I recently had the profound privilege of joining fellow NADA leadership at the White House to meet with some of the officials who write the rules and regulations that impact our great industry.

Along with NADA President and CEO Peter Welch and others, I presented the viewpoint of America’s franchised auto dealers directly to Gary Cohn, director of the National Economic Council, and other senior staffers from the White House and the U.S. Treasury Department. We also had the distinguished privilege to meet briefly with Vice President Mike Pence. Presenting a united front, NADA had productive discussions with people who are working closely with the House and Senate leadership to draft a tax bill that will preserve the benefits of America’s auto dealerships.

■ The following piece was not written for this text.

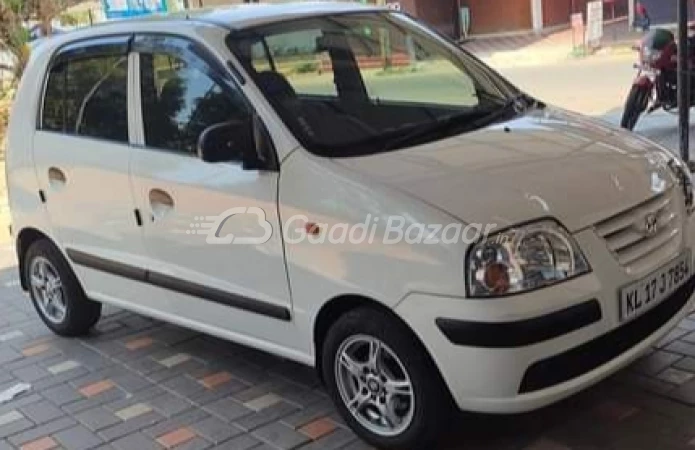 HYUNDAI SANTRO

I’m happy to report that individuals at the highest levels of this administration are reaching out to the business community, and they are listening to those of us in the auto industry.

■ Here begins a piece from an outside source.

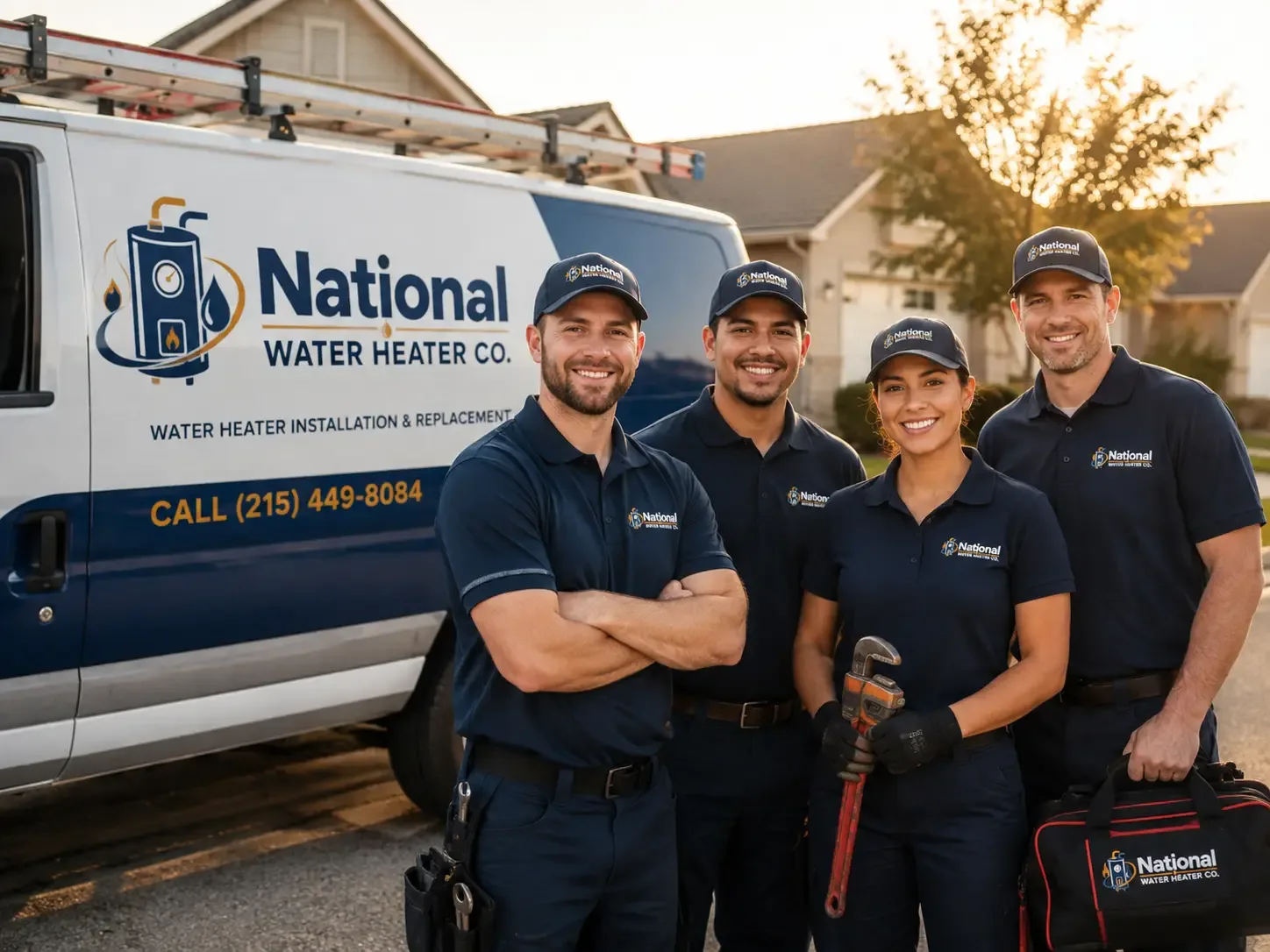 Water Heater Installation company in Elida, NM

Based on our conversations, it’s clear that tax reform remains at the top of the agenda in Washington. And this will, we hope, give American businesses new opportunities that we haven’t seen in the past few years. NADA is analyzing tax reform though the eyes of both consumers and dealers. We are asking two pivotal questions:

1. Will tax reform stimulate consumer demand in the market?
2. Will tax reform reduce the cost of dealer capital so you can continue to drive your local economy?

It’s important to note that it’s still early in the tax writing process. The White House and Republican congressional leaders are trying to reach consensus on specific bill language over the summer. We’ve already seen some big issues emerge in the past few months, and NADA continues to tell the government that no matter what reform is set forth, American consumers should not be subjected to additional costs. Overall the discussions have been healthy and we’ve covered the topics that matter most to you, including repealing the death tax; creating a lower rate for business income from pass-through entities; lowering overall rates; accelerating cost recovery; eliminating the AMT; and repealing the 12-percent federal excise tax on heavy-duty trucks.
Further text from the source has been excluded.